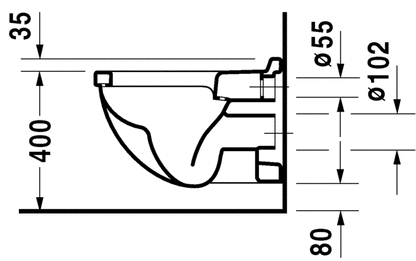 Duravit Starck 3 Wall Hung WC Toilet Pan in White Gloss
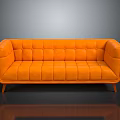 Vibrant Orange Modern Tufted Sofa With Square Stitching And Wooden Legs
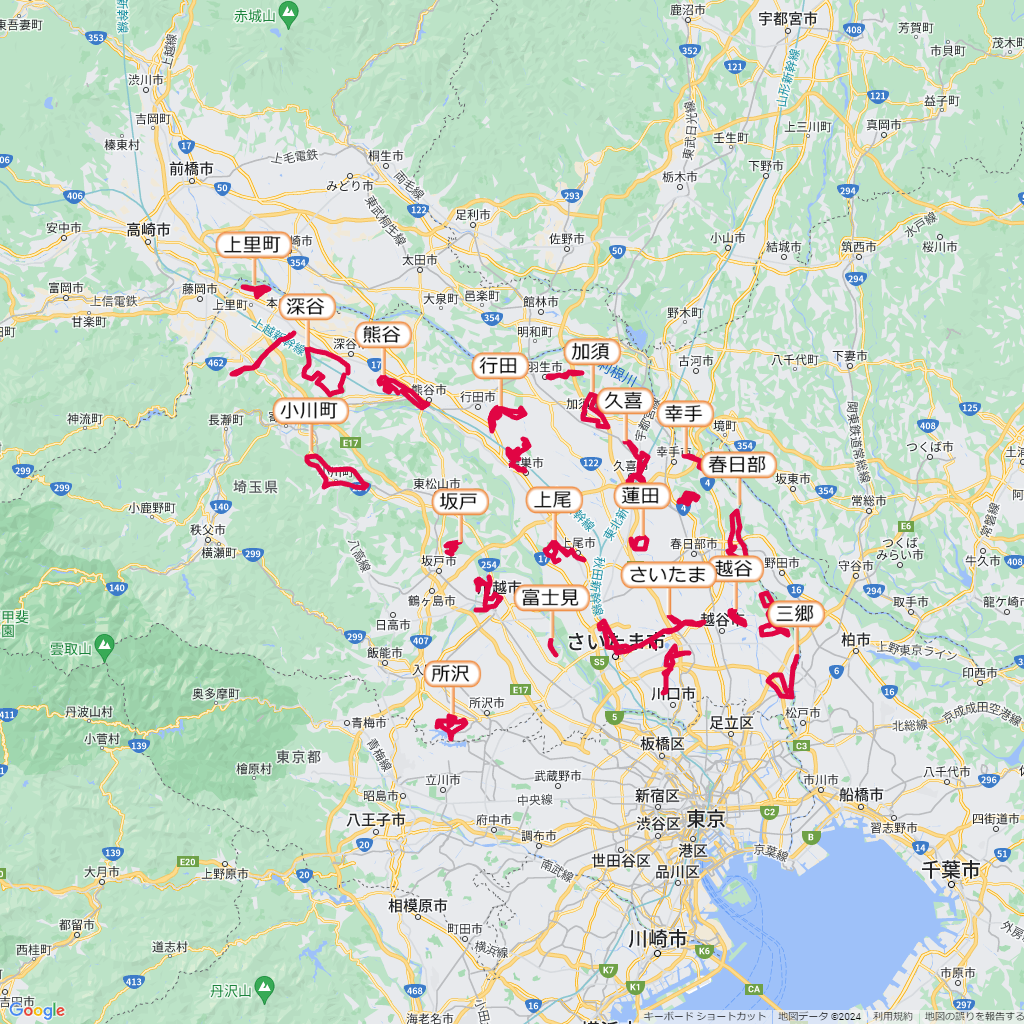 埼玉県のマラソン大会,コース,地図,マップ,距離とタイム,高低差
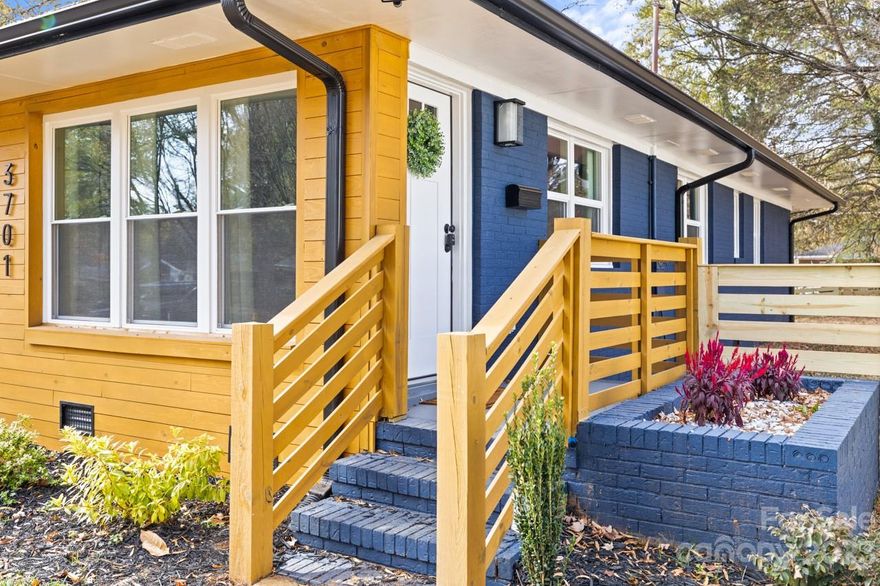 Centrally located in Charlotte. Brick ranch home situated at corner lot with fenced yard. Fully renovated with many upgrades including new water heater, energy-efficient windows, new roof, new HVAC system, accent wood sidings, new custom kitchen cabinetry, with quartz countertop with waterfall island and custom backsplash tile, primary bedroom with walk-in closet and primary bathroom, all bathrooms has custom tile features, all-new modern hardware and light fixtures, neutral paint, flex room can be used as office or man-cave, craft-room or media room. Living room is full of lights with many windows and accent wall. Real oak hardwood floor throughout the house  and Luxury vinyl plank in flex room. New stainless steel appliances including drawer microwave, flat top range, dishwasher and refrigerator. This home showcases how thoughtful design, efficient use of space, and a touch of creativity can result in a charming and comfortable living space. No HOA! Qualifies for 100% financing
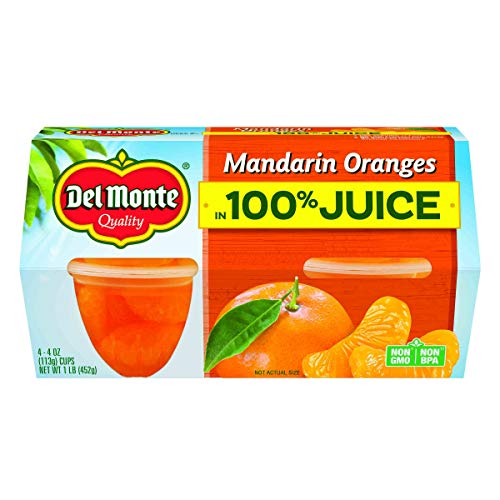 Del Monte, Mandarin Oranges In Juice, 4 Count Of 4 Oz Cups 16 Oz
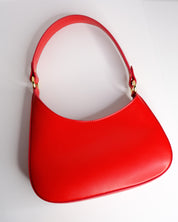 Luna Leather Shoulder Bag in Red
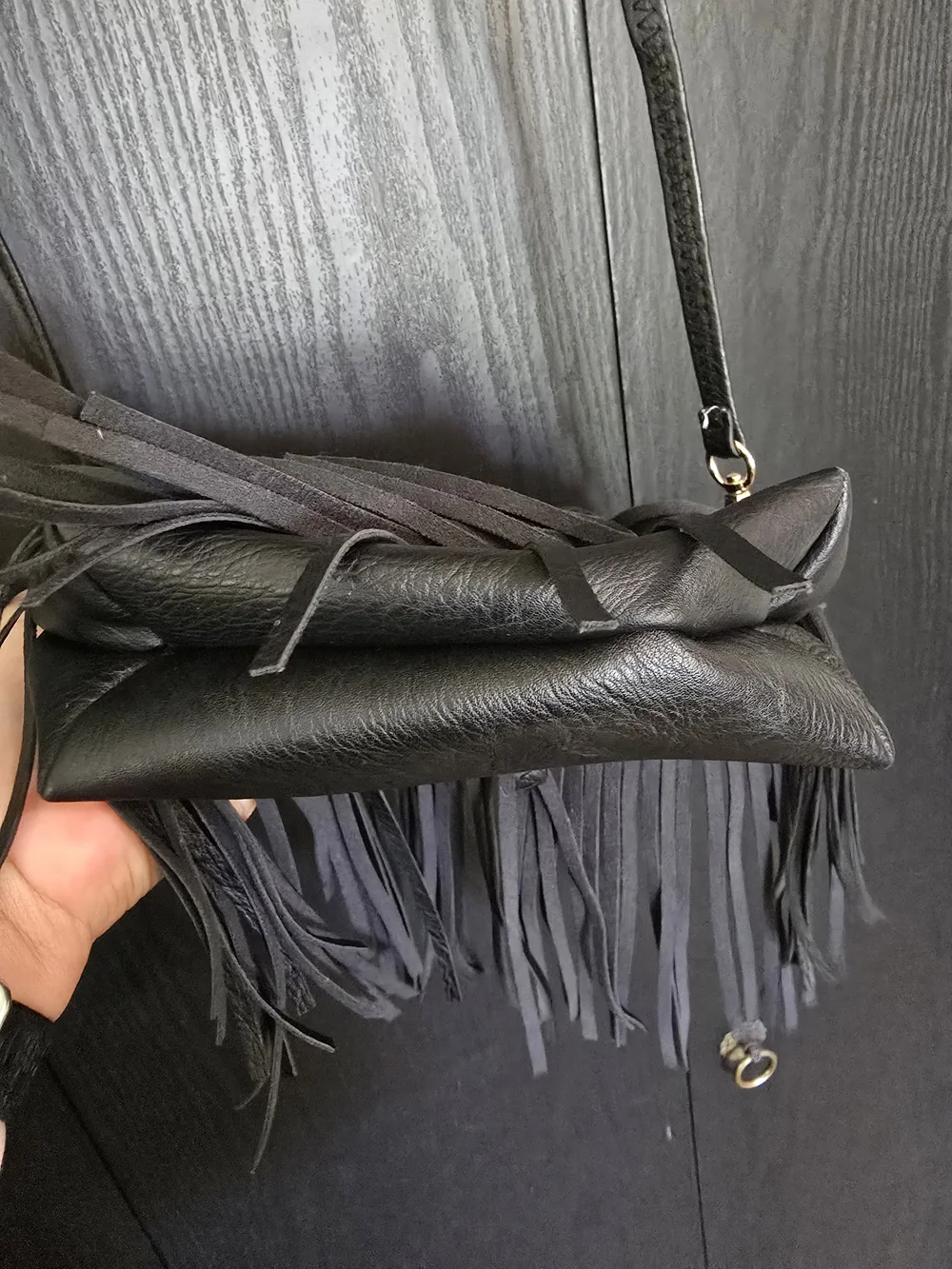 Source Unknown Black Fringe Crossbody Bag with Gold Hardware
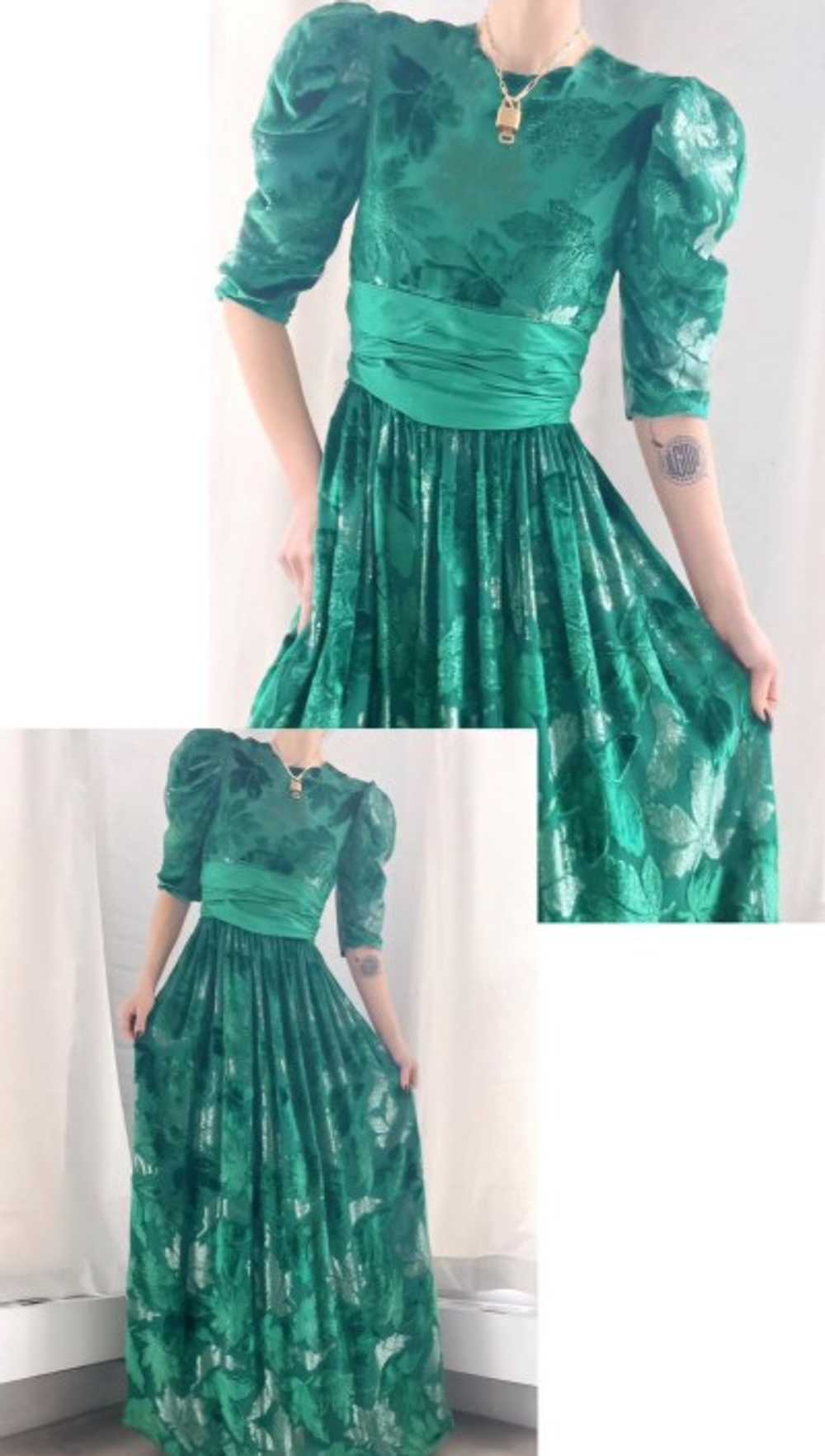 silk Elizabeth Arden emerald velvet burnout dress - image 3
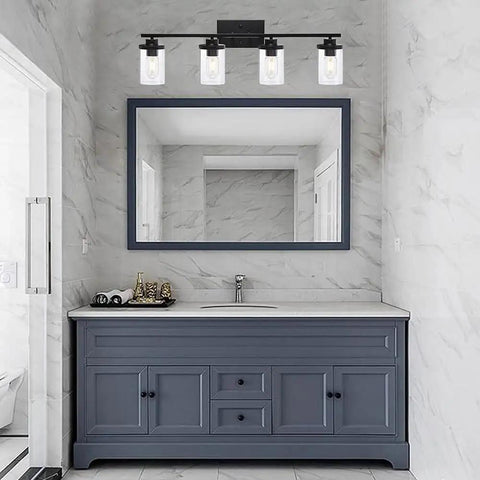 4 Light Vanity Fixtures Over Mirror in Matte Black With Clear Cylinder Glass Industrial Farmhouse Wall Sconces in bathroom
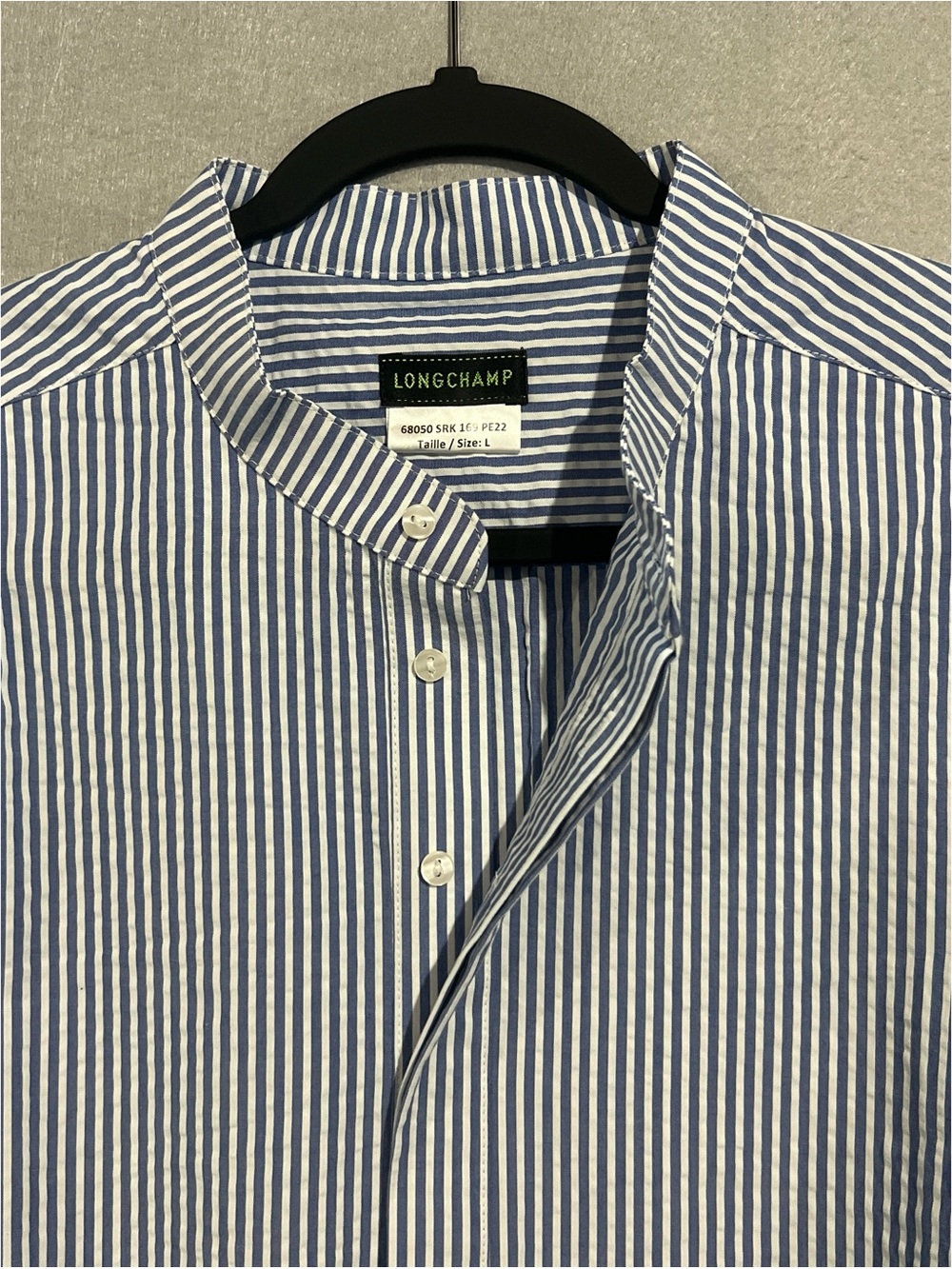 Longchamp Shirt Men’s Large Blue White Vertical Striped Band-Collar Long Sleeve - Picture 10 of 15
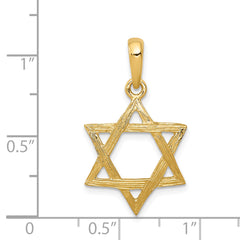 14K Gold Star of David Pendant with Polished Finish Elegant Religious Charm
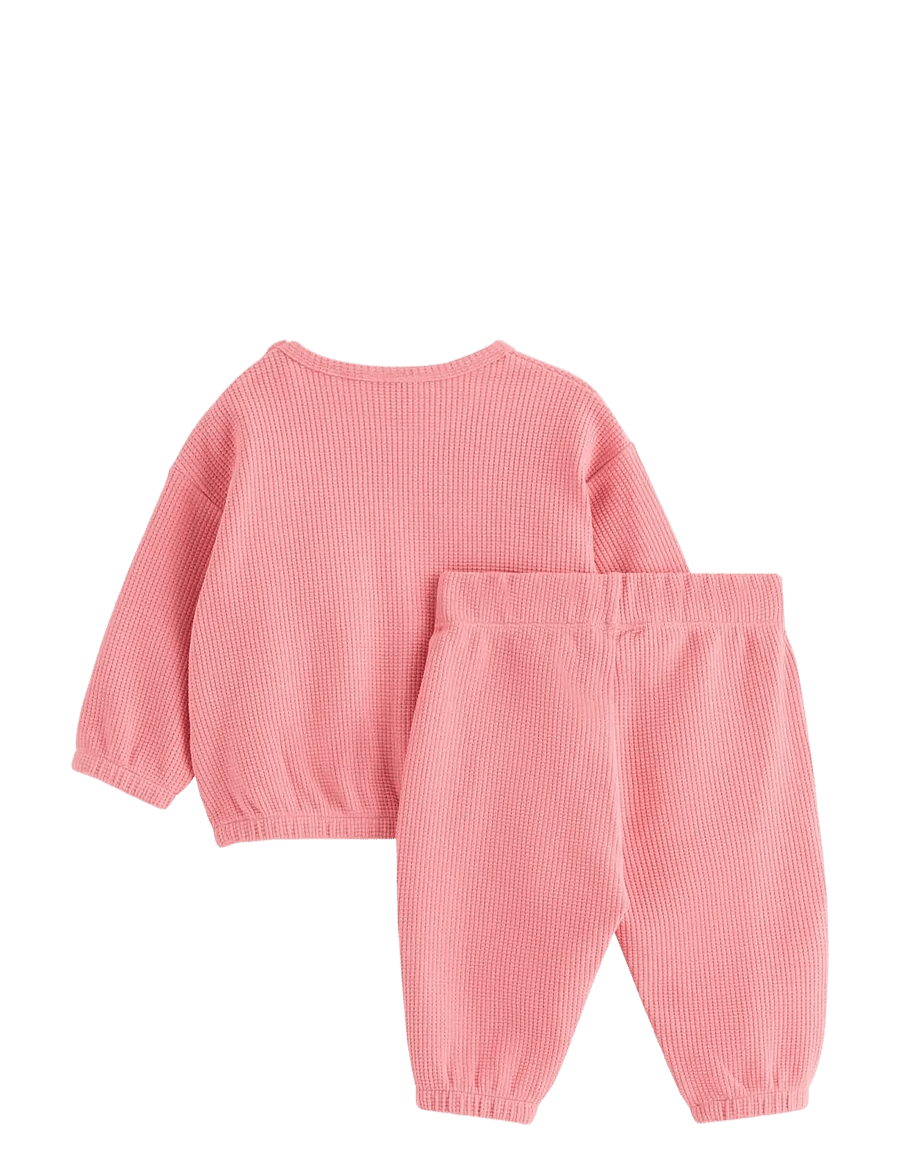 Lindex - Set with waffled sweatshirt and trousers - pikkade varrukatega t-särkide komplektid - light dusty pink - 1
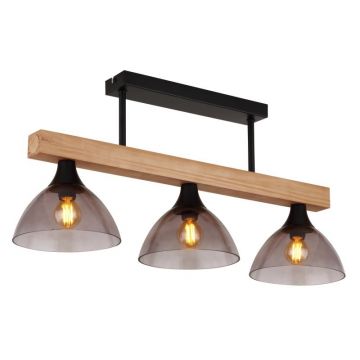Plafoniera 3L design vintage Lindi negru, natur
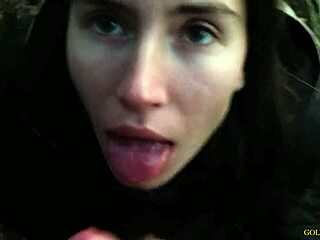 Young Russian girl gives a blowjob in German forest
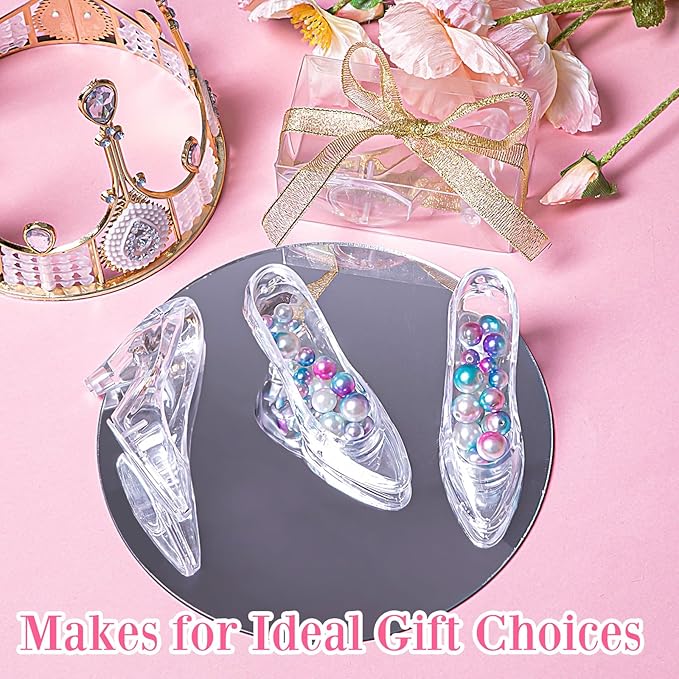 Barydat 36 Pcs Mini Crystal Princess Slippers Plastic High Heels Decoration, 36 Pcs Transparent Gift Boxes with Gold Ribbon, Party Wedding Birthday Candy Gift Supplies Table Decoration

DIRECTIONS FOR THIS TASK » Where the line containing "Lindex - Set" appears in the data above, begin there and output every line through the last, exactly and without pictures.

TASK ANSWER »
 Lindex - Set with waffled sweatshirt and trousers - pikkade varrukatega t-särkide komplektid - light dusty pink - 1
Plafoniera 3L design vintage Lindi negru, natur
 Young Russian girl gives a blowjob in German forest
 Barydat 36 Pcs Mini Crystal Princess Slippers Plastic High Heels Decoration, 36 Pcs Transparent Gift Boxes with Gold Ribbon, Party Wedding Birthday Candy Gift Supplies Table Decoration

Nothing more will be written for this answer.